The instructor of my modeling class could have been a supermodel, however unlike Cindy Crawford, she was not the valedictorian of her high school, nor did she graduate magna cum laude from college. After having taken classes from her for a while, I realized she couldn’t pronounce my name no matter how many times she watched my lips repeat it to her. When I would get phone calls from the agency for try outs for the modeling team that would eventually get first calls when jobs came to town, my name had been mis pronounced to whoever was making the call every time; therefore everyone who called the house from the agency pronounced my name on the wrong syllable. This is a small side point, but it sets up the situation.
The following year things were going rather well, a little too well. I was taking guitar lessons and getting really good at it; I tried out for a school play which only had about six to eight acting roles and I was chosen for one…and then I made the mistake of walking into the hair salon where the modeling agency was.
The only thing I remember is walking into the agency and my former modeling coach asked me to be a part of the local pageant. It was a pageant where if you placed or were “crowned”, it would get you into the next round of the Miss Teen Missouri circuit. At first I said no, I already had too much going on. Then she convincingly begged me to sign up, I don’t know if it was her disparity, or if she wooed me with her perfect skin and blonde hair which is why I’ve always secretly envied my blonde friends.

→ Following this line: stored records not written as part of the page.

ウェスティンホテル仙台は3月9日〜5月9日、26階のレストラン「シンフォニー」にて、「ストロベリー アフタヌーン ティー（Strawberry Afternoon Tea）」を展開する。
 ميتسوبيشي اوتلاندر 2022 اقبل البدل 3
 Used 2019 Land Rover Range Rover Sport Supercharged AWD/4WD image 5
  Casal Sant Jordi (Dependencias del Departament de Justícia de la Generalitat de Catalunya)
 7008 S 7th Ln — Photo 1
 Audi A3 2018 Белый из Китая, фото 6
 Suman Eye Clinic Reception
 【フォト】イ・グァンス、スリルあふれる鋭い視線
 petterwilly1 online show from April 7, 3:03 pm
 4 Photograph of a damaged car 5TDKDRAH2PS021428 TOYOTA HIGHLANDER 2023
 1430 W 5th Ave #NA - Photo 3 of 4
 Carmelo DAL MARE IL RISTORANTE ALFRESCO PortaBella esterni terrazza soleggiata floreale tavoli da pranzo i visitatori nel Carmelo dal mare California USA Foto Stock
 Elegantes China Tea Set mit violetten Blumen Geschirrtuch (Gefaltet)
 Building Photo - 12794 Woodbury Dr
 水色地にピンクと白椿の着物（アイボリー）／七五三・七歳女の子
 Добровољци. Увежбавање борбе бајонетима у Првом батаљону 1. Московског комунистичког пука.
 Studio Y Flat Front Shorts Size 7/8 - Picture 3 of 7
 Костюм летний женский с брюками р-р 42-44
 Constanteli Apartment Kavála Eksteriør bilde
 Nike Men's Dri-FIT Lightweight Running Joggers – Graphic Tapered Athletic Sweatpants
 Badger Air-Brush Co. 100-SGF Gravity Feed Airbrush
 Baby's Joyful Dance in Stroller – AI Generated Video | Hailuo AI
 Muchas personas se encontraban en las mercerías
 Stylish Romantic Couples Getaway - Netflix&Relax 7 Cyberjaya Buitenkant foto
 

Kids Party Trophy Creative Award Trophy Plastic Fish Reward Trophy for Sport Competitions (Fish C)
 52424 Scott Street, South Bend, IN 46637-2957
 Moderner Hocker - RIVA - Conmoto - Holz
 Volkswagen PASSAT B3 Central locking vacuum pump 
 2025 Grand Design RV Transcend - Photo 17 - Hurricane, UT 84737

The only things I needed to be in this contest was a swimsuit and a formal beaded gown. No problem, I would just burn every paycheck and then some on trying to afford all of this. (By then some, I mean borrowing some money from the parents.) Suddenly I felt like I had been pressured into doing this and not asked to do a favor and help someone I had been working with for two years. Suddenly this seemed more like a task rather than something enjoyable I wanted to do.
Once we acquired the dress, I was then informed by someone at the agency it needed a train. Not only did it need a train but it had to be fitted too. Before going in for the fitting my mom had to help me find a swimsuit appropriate for the competition. We found the swimsuit which we also had to have fitted; we’ll just say this, I wasn’t blessed in the chest.
The night of the pageant I arrive with curlers in my hair ready to get ready for the huge event. I was carrying in all my altered clothes, excited that my family and best friends would be there. I arrive in the auditorium to find we were supposed to be practicing a dance routine. This was not something I had been informed of, and neither had some of the other contestants. Imagine fifty teenaged young ladies trying to rehearse a dance routine they had only been informed of thirty seconds prior only to repeat it very confused and very poorly by the opening of the pageant.
After the horrible dance routine we had to practice getting in line, walking up to the microphone and proudly enunciate our name followed by the name of our hometown, which was then followed by the profession we had chosen to do for the rest of our life. At least that is what I thought we were supposed to do.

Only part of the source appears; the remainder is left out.